- **Task goal**:
In your copy, leave out all pictures and reproduce every entry exactly.

[Stored data]
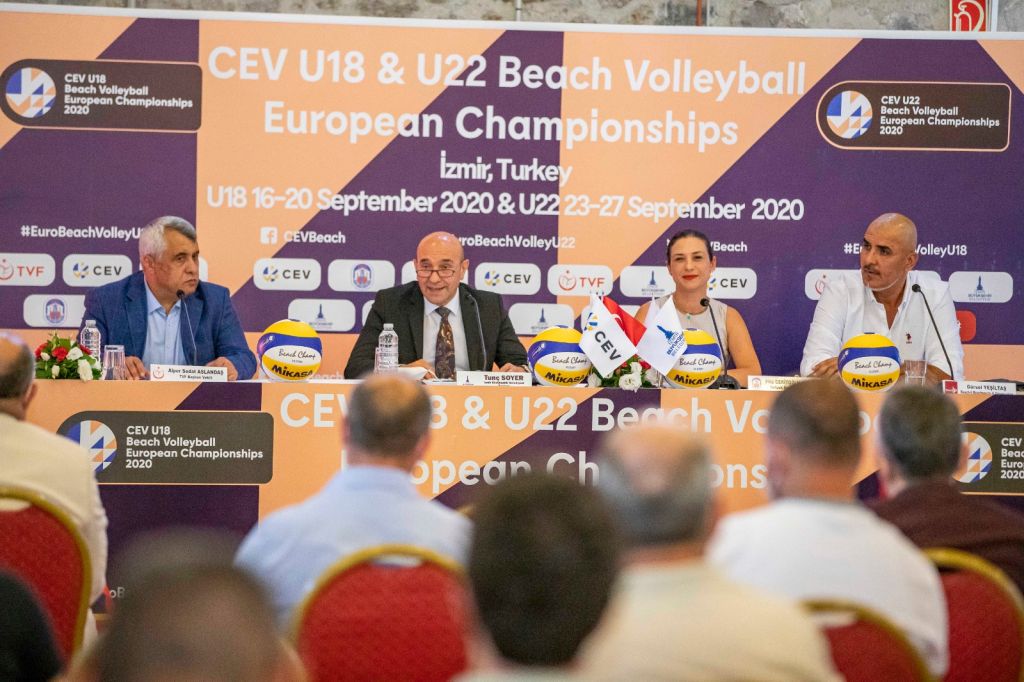 Avrupa Plaj Voleybolu şampiyonası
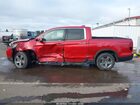 2021 Honda Ridgeline Rtl-e Red vin: 5FPYK3F75MB007754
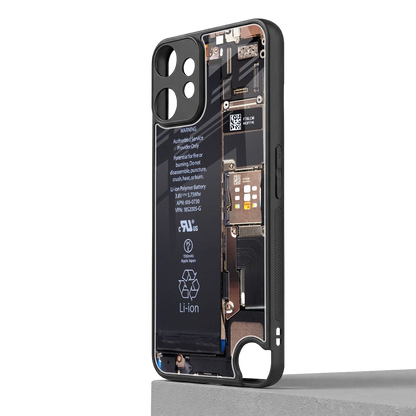 Inside Out cmf nothing phone 2 pro mobile cover | shockproof glass phone case
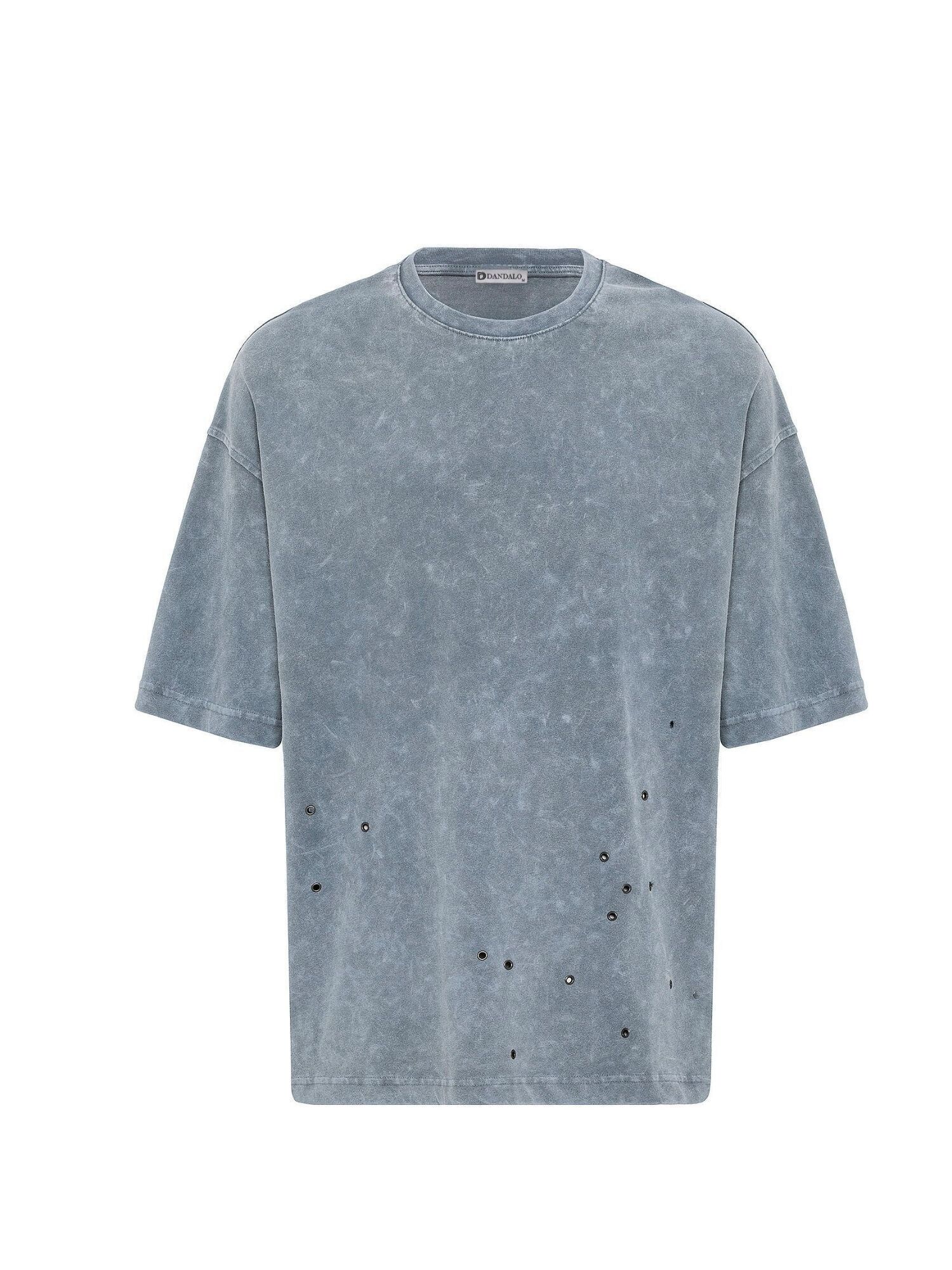 Dandalo Tricou  albastru amestec
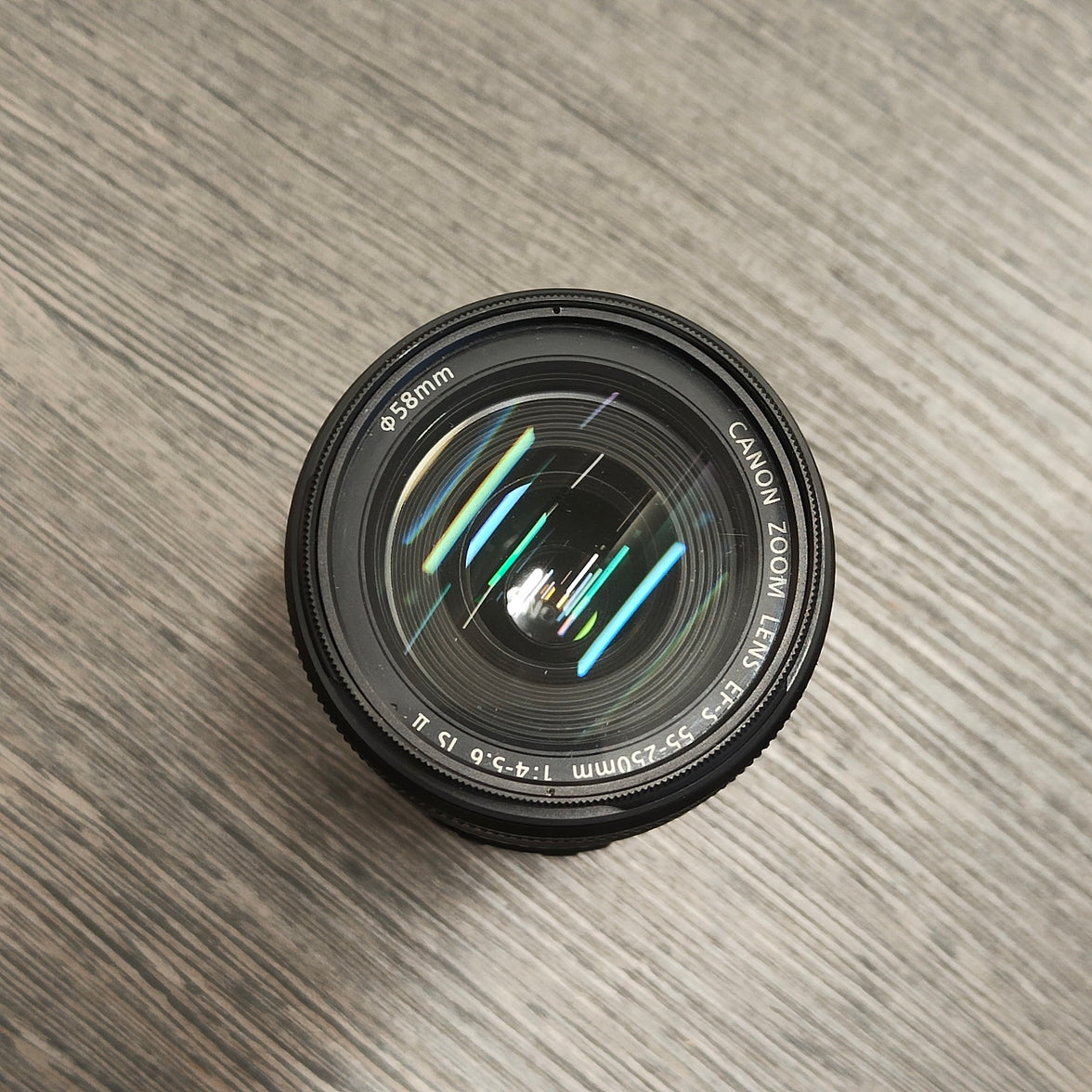 Tweedehands - Canon EF-S  55 250 mm f4.0- 5.6 is II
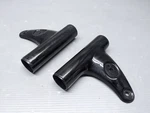 Kawasaki W650 EJ650A Genuine Left Right Headlight Stay Brackets W400 EJ400A W800. Fixed Price $164.41.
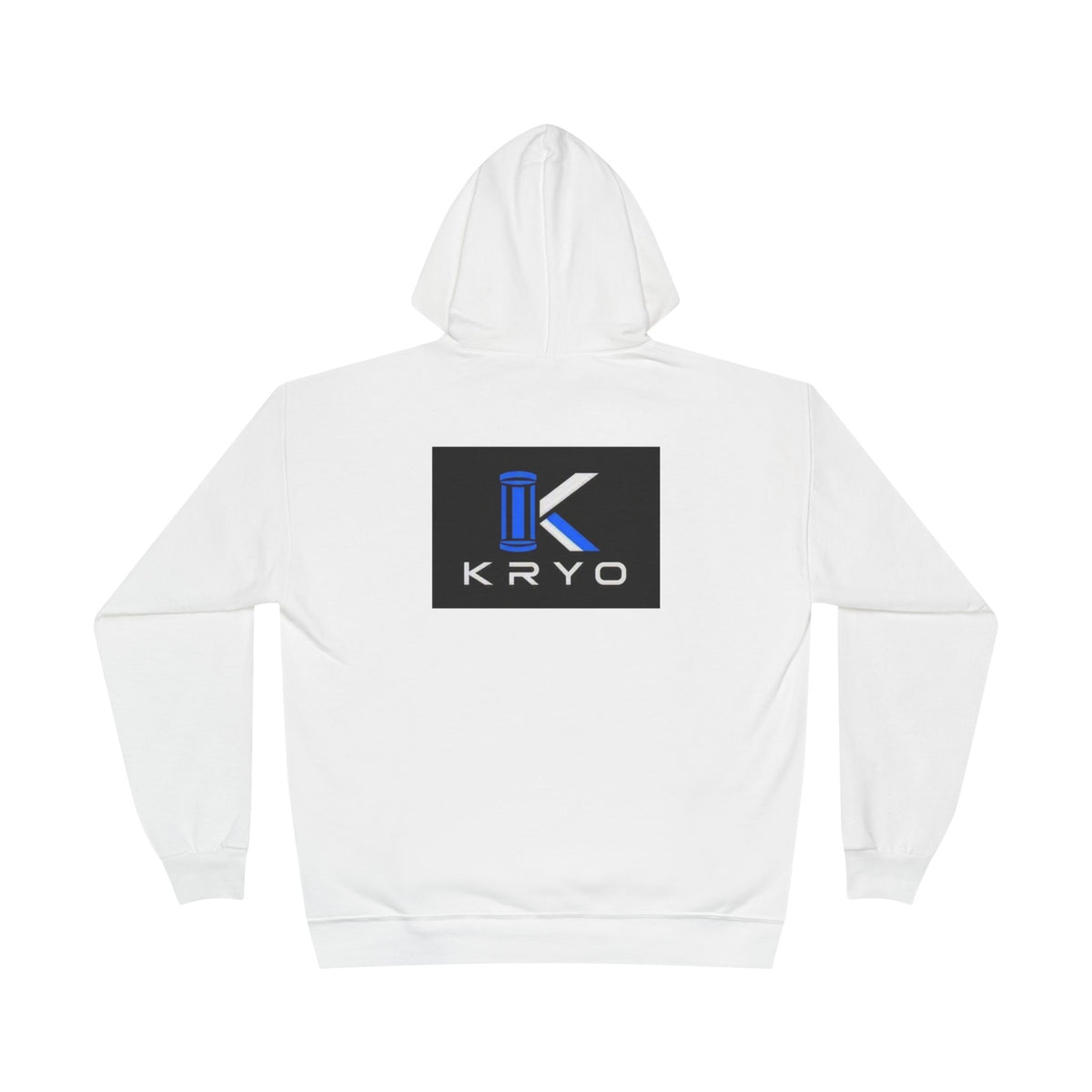 Kryo Logo Hoodie – Minimal Tech Pullover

- **Output of the exercise**:
 Avrupa Plaj Voleybolu şampiyonası
 2021 Honda Ridgeline Rtl-e Red vin: 5FPYK3F75MB007754
 Inside Out cmf nothing phone 2 pro mobile cover | shockproof glass phone case
 Dandalo Tricou  albastru amestec
 Tweedehands - Canon EF-S  55 250 mm f4.0- 5.6 is II
 Kawasaki W650 EJ650A Genuine Left Right Headlight Stay Brackets W400 EJ400A W800. Fixed Price $164.41.
 Kryo Logo Hoodie – Minimal Tech Pullover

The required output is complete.